Subsidy Parity: “Public finance is going to be necessary for the long term. Mini-grids are not just about productive use, but about access, which is a public service,” said Xavier Vallve, director of Trama TecnoAmbiental. It’s relatively simple for regulators to figure out how to create parity between subsidies for capital expenditures (CAPEX) made by private developers to build mini-grids, and CAPEX subsidies for the centralized grid. In India for example, mini-grids have been receiving a 30% CAPEX subsidy. How to do the same for operational expenses (OPEX, or the ongoing cost of running a business) is another question altogether. As Slaughter stresses in our interview: “We’re not seeking new subsidies, but to benefit from subsidies that public utilities already benefit from. We want to convince large donors and the governments they support that it is in their interest to subsidize not only the public utilities, which they currently do to a pretty extreme degree, but make that funding similarly available to private utilities to create a more multi-polar power landscape.”

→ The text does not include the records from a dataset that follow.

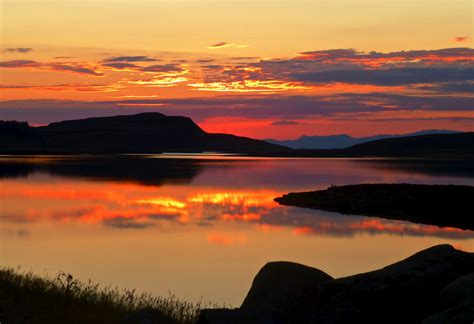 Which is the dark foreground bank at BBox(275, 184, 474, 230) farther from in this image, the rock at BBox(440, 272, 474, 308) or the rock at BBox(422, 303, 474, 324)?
the rock at BBox(422, 303, 474, 324)

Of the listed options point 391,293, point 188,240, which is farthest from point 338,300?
point 188,240

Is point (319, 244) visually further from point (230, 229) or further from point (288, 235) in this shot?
point (230, 229)

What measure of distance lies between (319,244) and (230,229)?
301 inches

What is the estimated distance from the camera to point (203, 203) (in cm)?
5478

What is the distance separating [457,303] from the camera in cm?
1091

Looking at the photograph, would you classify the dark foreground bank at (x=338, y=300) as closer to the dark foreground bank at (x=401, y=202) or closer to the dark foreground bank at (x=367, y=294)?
the dark foreground bank at (x=367, y=294)

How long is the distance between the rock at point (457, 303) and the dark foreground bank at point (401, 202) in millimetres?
32493

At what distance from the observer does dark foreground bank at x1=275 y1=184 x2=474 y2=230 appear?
153 feet

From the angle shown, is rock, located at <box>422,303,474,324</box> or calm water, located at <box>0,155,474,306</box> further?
calm water, located at <box>0,155,474,306</box>

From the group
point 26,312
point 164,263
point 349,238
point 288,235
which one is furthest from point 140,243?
point 26,312

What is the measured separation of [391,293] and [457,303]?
145cm

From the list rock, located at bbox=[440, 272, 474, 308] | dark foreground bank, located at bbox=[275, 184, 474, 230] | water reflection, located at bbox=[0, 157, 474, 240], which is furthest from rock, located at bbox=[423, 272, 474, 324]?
dark foreground bank, located at bbox=[275, 184, 474, 230]

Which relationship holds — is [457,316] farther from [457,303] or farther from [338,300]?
[338,300]

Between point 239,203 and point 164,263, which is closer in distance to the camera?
point 164,263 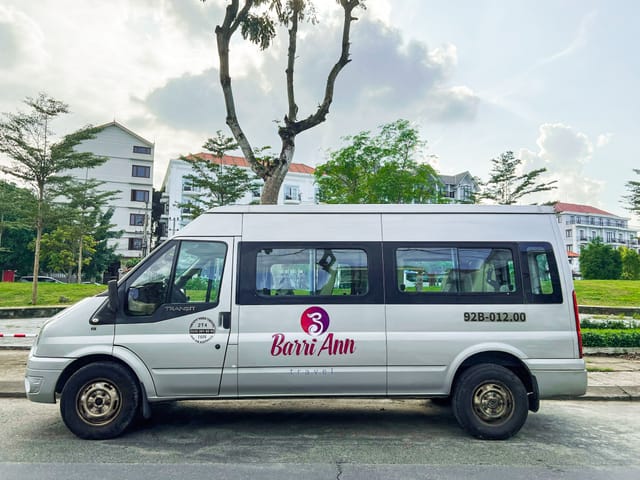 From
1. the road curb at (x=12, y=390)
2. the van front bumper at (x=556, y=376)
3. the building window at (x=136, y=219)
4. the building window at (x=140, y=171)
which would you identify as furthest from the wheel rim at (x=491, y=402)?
the building window at (x=140, y=171)

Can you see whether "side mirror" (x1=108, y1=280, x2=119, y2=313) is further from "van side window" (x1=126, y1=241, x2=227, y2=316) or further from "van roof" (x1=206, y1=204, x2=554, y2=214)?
"van roof" (x1=206, y1=204, x2=554, y2=214)

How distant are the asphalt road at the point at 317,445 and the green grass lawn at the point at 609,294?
15344 mm

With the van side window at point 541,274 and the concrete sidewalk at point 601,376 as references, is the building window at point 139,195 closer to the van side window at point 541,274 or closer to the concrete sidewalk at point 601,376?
the concrete sidewalk at point 601,376

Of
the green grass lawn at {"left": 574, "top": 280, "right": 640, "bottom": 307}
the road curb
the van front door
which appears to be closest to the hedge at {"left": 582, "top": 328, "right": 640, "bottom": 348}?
the van front door

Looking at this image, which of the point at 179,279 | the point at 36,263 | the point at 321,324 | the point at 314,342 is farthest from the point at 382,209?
the point at 36,263

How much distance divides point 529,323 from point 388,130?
27.9 metres

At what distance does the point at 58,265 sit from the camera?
40.6 meters

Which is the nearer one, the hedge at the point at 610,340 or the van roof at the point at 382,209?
the van roof at the point at 382,209

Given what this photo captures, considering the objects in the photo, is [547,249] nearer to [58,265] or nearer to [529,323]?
[529,323]

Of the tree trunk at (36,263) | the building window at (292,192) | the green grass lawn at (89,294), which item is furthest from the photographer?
the building window at (292,192)

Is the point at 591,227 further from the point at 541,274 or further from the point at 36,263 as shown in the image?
the point at 541,274

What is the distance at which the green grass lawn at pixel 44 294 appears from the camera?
2036 cm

Technology: Today, every mini-grid developer starts from scratch and builds its own design. While customization will inevitably be needed in some cases such as bigger systems, there is huge room for reducing costs through establishing global technology standards and standardizing system configurations. “The smaller the system, the more it makes sense to standardize, which results in high profit increases for systems between 50 kWp and 2000 kWp. For mini-grid systems, this increase would be even more dramatic,” says Martin Baart, CEO of ecoligo. Already, such initiatives as the Rockefeller Foundation-funded research on “Utility in a Box” is driving down CAPEX considerably. And even if there is ultimately no one-size fits all technology solution, there is “much more opportunity for technology standardization than is being exploited in the market today”, says Alexia Kelly, CEO of the Microgrid Investment Accelerator (MIA).

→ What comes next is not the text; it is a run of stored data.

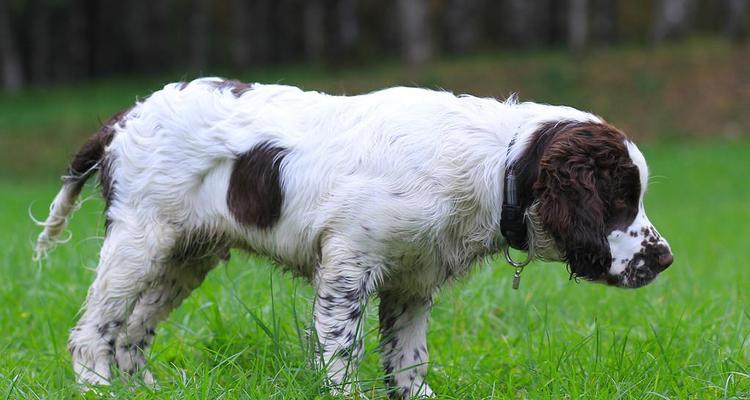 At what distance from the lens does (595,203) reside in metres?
4.04

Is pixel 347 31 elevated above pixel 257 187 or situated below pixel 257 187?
below

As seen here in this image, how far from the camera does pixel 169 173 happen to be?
15.5 feet

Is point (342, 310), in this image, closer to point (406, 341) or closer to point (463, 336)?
point (406, 341)

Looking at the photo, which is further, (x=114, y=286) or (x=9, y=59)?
(x=9, y=59)

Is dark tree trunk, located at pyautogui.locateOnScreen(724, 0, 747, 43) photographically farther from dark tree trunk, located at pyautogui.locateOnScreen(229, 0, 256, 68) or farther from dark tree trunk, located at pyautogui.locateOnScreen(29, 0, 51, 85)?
dark tree trunk, located at pyautogui.locateOnScreen(29, 0, 51, 85)

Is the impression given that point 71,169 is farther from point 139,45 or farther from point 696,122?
point 139,45

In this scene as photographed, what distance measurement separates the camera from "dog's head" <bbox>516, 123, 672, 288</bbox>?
4.04 metres

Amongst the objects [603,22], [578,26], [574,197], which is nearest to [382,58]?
[603,22]

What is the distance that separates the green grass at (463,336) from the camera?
4398 mm

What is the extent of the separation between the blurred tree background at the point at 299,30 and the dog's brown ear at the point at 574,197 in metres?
27.9

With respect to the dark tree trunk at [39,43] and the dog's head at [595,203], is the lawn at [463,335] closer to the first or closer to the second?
the dog's head at [595,203]

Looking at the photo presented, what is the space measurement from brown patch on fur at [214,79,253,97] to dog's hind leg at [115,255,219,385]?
0.85 meters

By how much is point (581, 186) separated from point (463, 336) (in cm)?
194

Policy: Countries like India and Nigeria, together home to about 40% of the roughly 1 billion people globally without electricity, are stepping up with national mini-grid policies (see a more detailed look here in our September newsletter), as are some sub-national governments, helping to end doubt around tariffs, grid extension and oversight. The mini-grid sector, through collective action and pro-active engagement with regulators and policy-makers, must work to get other countries do the same. “Policy, regulatory and enabling environment are critical and will continue to be,” says MIA’s Kelly.

Finance: Finally, the lack of the above 4 standardizations has left commercial capital almost completely on the sidelines. But exciting developments (discussed in our newsletter here) are taking place that offer a uniform platform to standardize projects for investors, developers and vendors. And important new vehicles like MIA are emerging to prime the pump for bigger ticket investments.